*REQUIREMENT*: Print the records below exactly, and do not carry over any picture.

◇ ◇ ◇ ◇ ◇ ◇ ◇

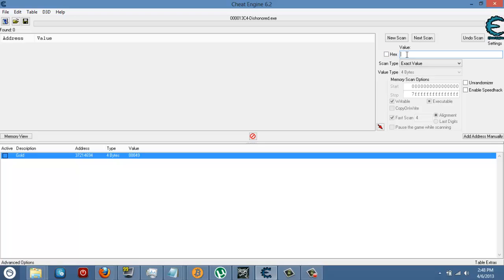Once you do that, you need to go back into Dishonored and see how much gold you have. If it is an odd number like 430, 420 or something, you might not get as many values. But if you only get like 5 gold, you're going to get a lot of values. If you get a lot of values, what you need to do is basically get more gold and type in that number, and remember the numbers from before.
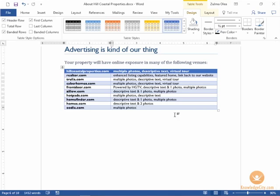Another reason you might want to use this Convert Text to Table tool is in the instance that you need to create a table but the data entry might take you too long. Pressing Tab, Shift+Tab, and the arrow keys to navigate the table can add quite a bit of time to your data entry.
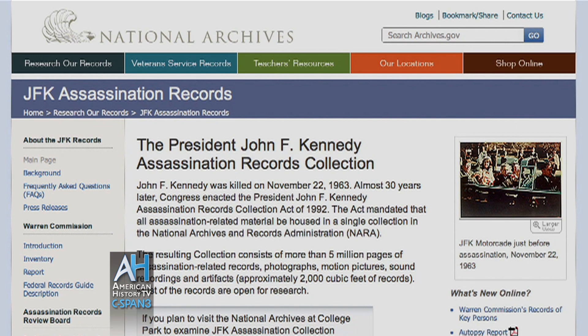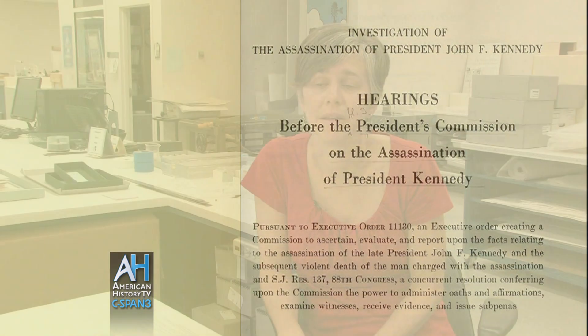The President John F. Kennedy assassination records collection was created because of the President John F. Kennedy Assassination Records Collection Act of 1992. Since the time of the assassination, there have been numerous official investigations, starting with the Warren Commission, then congressional investigations — the Church Committee, Pike Committee, and the House Select Committee on Assassinations.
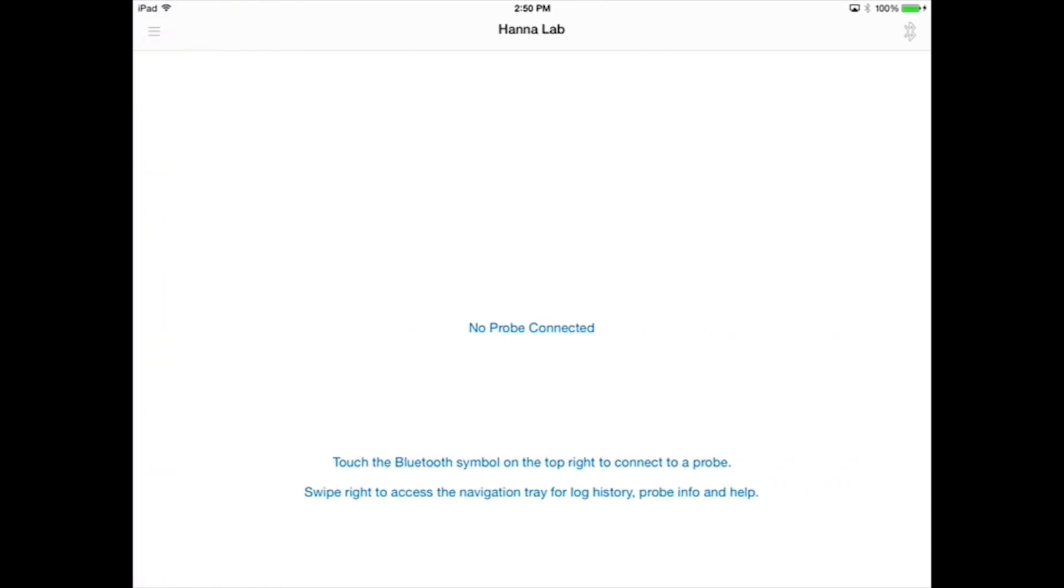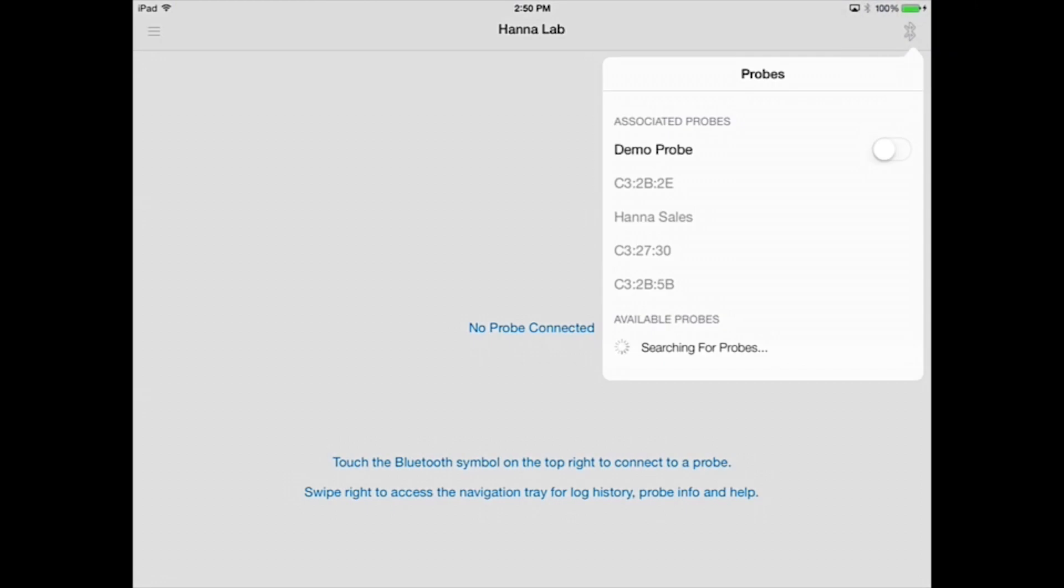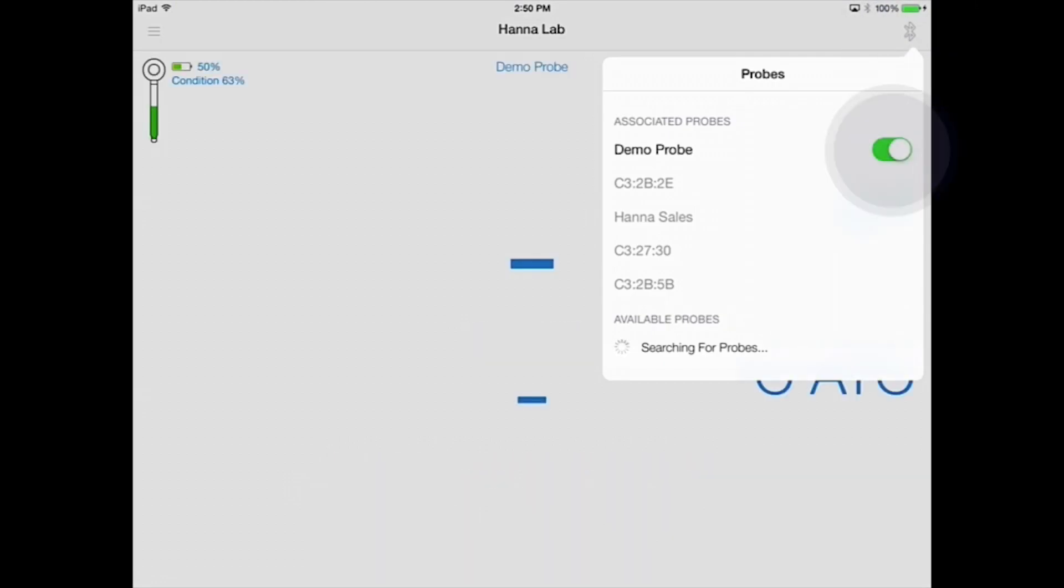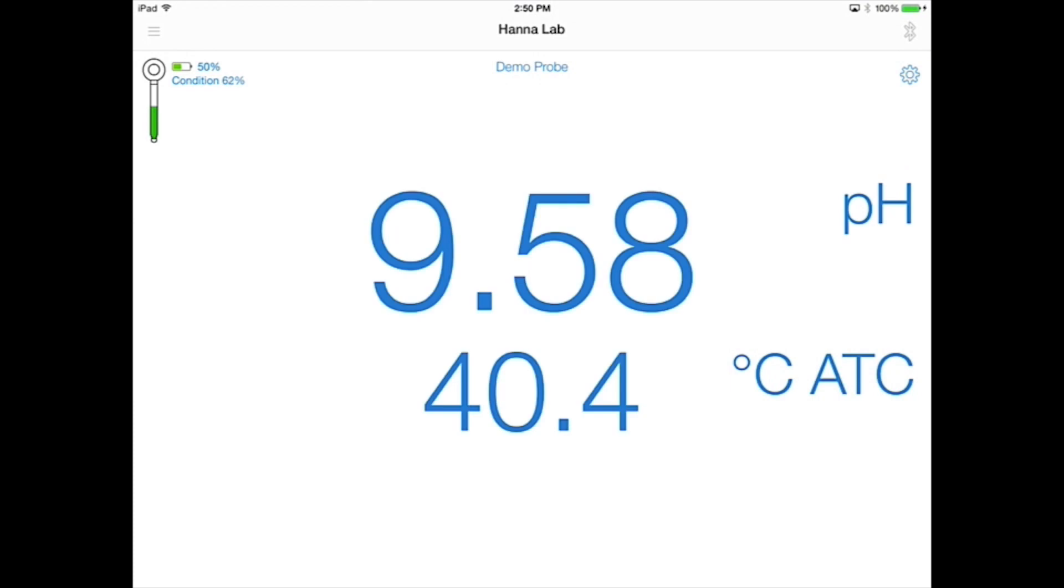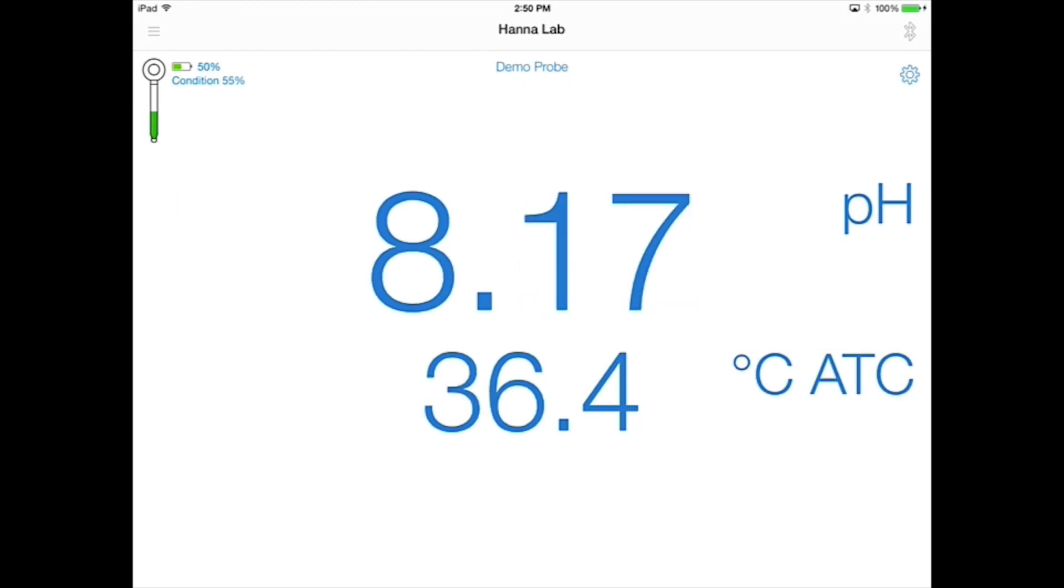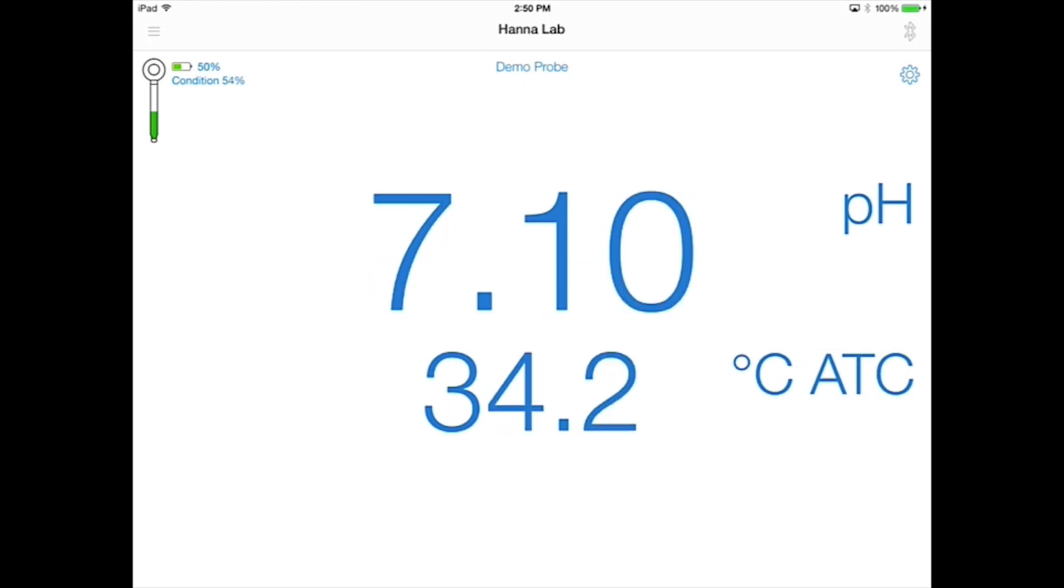You'll see there is no probe connected. Touch the Bluetooth symbol on the top right to connect the probe. If you don't have a probe set up, select the demo probe. We'll show you how to connect an actual probe a little later. The demo probe is a great way to explore the HANA Lab App. While using the demo probe, all features are functional, including a calibration simulation. The basic measurement screen will appear.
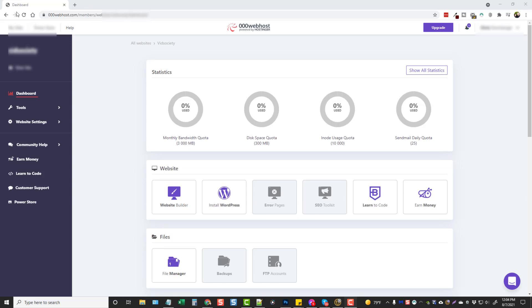Alright, so I wanted to make another video here because I have a lot of people asking me about free websites or free web hosting.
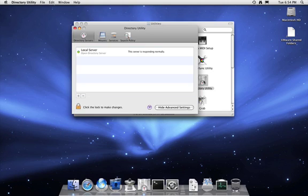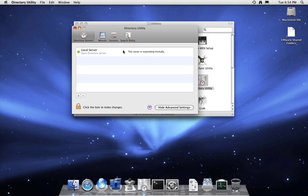This application allows you to authenticate with other systems. It means you can have such facilities as Active Directory authentication, LDAP authentication, or Open Directory authentication. As you can see, this is currently an Open Directory server.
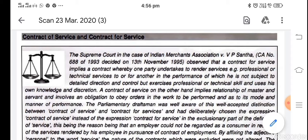Contract of service imposes vicarious liability, whereas contract for service may not impose vicarious liability on the employer or the person who is entering into the contract.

◇ ◇ ◇ ◇ ◇ ◇ ◇

*EXERCISE SOLUTION*:
Once you do that, you need to go back into Dishonored and see how much gold you have. If it is an odd number like 430, 420 or something, you might not get as many values. But if you only get like 5 gold, you're going to get a lot of values. If you get a lot of values, what you need to do is basically get more gold and type in that number, and remember the numbers from before.
Another reason you might want to use this Convert Text to Table tool is in the instance that you need to create a table but the data entry might take you too long. Pressing Tab, Shift+Tab, and the arrow keys to navigate the table can add quite a bit of time to your data entry.
The President John F. Kennedy assassination records collection was created because of the President John F. Kennedy Assassination Records Collection Act of 1992. Since the time of the assassination, there have been numerous official investigations, starting with the Warren Commission, then congressional investigations — the Church Committee, Pike Committee, and the House Select Committee on Assassinations.
You'll see there is no probe connected. Touch the Bluetooth symbol on the top right to connect the probe. If you don't have a probe set up, select the demo probe. We'll show you how to connect an actual probe a little later. The demo probe is a great way to explore the HANA Lab App. While using the demo probe, all features are functional, including a calibration simulation. The basic measurement screen will appear.
Alright, so I wanted to make another video here because I have a lot of people asking me about free websites or free web hosting.
This application allows you to authenticate with other systems. It means you can have such facilities as Active Directory authentication, LDAP authentication, or Open Directory authentication. As you can see, this is currently an Open Directory server.
Contract of service imposes vicarious liability, whereas contract for service may not impose vicarious liability on the employer or the person who is entering into the contract.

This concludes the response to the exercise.